In the wake of the recent hacking attacks, the confederation of Danish industry, Dansk Industri (DI), wants to see the government implement concrete measures to fight cybercrime as soon as possible.
While Danish firms were not much affected by the WannaCry virus this time round, it does not mean that they will get away so lightly in the future.
“It is vital that we implement a cybercrime strategy that works across the different authorities and co-ordinates efforts, so that companies have the best possible framework in which to implement security against cyber attacks and also have easy access to the authorities regarding questions on cyber security,” said Adam Lebech, head of the branch association DI Digital.
More police resources needed
DI has drawn up a list of six points that they believe should be part of any cybercrime-fighting strategy. Amongst them are plans for a centralised reporting system for cyber attacks, more resources being given to the police for investigating hacking attacks and increasing the number of computer security experts.
“Today, many companies experience that the police just don’t have the necessary resources to follow up on cybercrime cases. In the light of our dependency on digitalisation, one has a right to expect that they do,” said Lebech.
A growing problem
The problem is a growing one. A survey from PWC shows that 65 percent of companies are more worried now about cyber threats than they were a year ago. Figures from Danmarks Statistik show that companies are investing more money in cyber security.
Computer security expert Peter Kruse from the company CSIS points out that “we’re seeing a marked increase in cybercrime and it will run amok if we don’t deal with it. We have to support each other better and form a common front. Standing shoulder to shoulder is the only way to beat cybercrime.”

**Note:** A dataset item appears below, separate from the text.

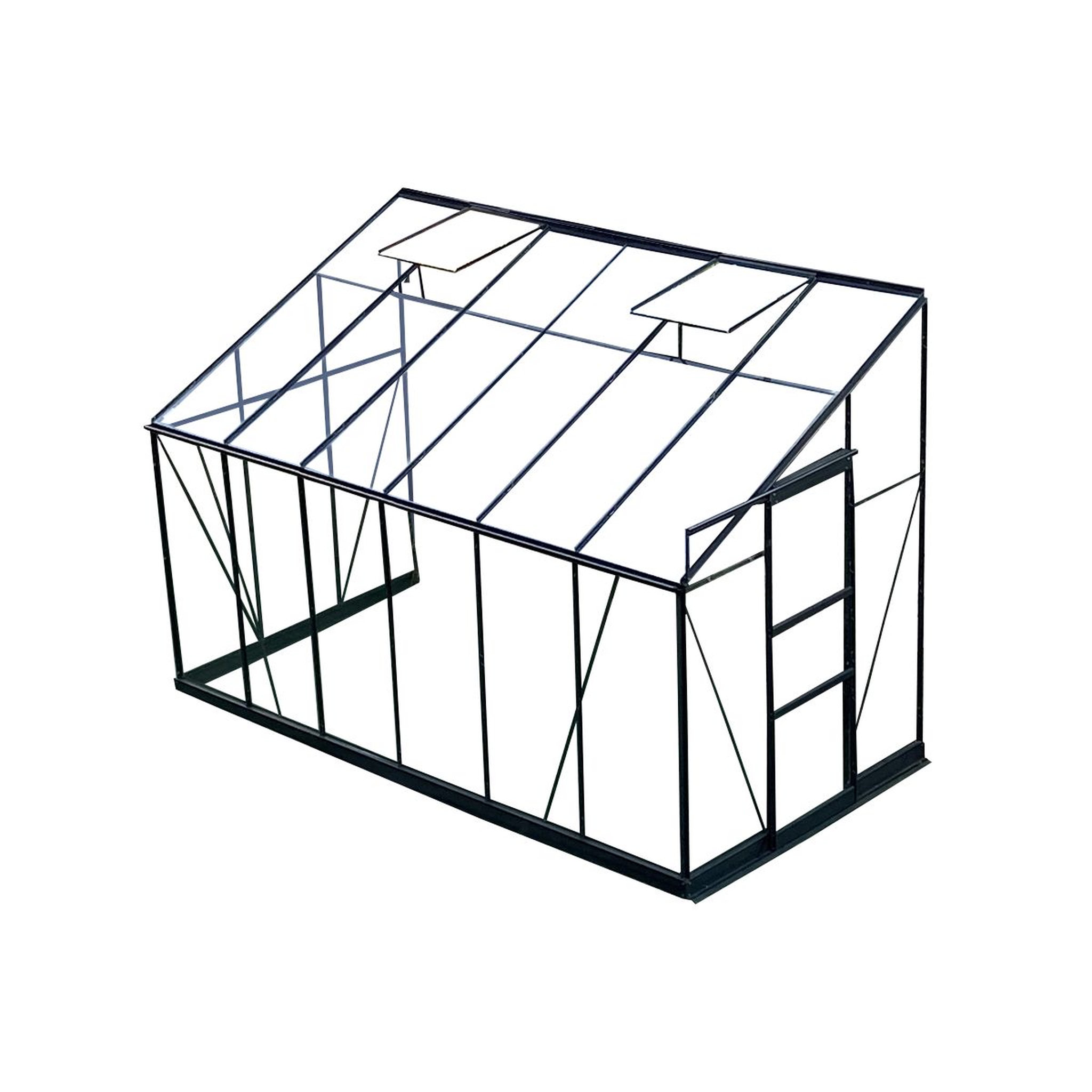 Voir la diapositive 6 : GREEN PROTECT Serre de jardin adossée verre trempé 7,22m²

Viruses such as WannaCry attract a lot of headlines but in reality, cybercrime happens every day, but these attacks are not made public.
“The problem is probably much more widespread than we hear about,” Kruse said.
Companies could do more
Lebech also emphasises that companies themselves could do a lot more to protect themselves.
“We recommend that all corners of the system are examined and the ISO27000-standard for computer security is used,” he says.
“Generally speaking, 80-90 percent of typical cyber attacks exploit weaknesses that can be eliminated by simple means, such as updating systems and programs, restricting the number of users with administration rights and making a list of approved programs, Lebech added.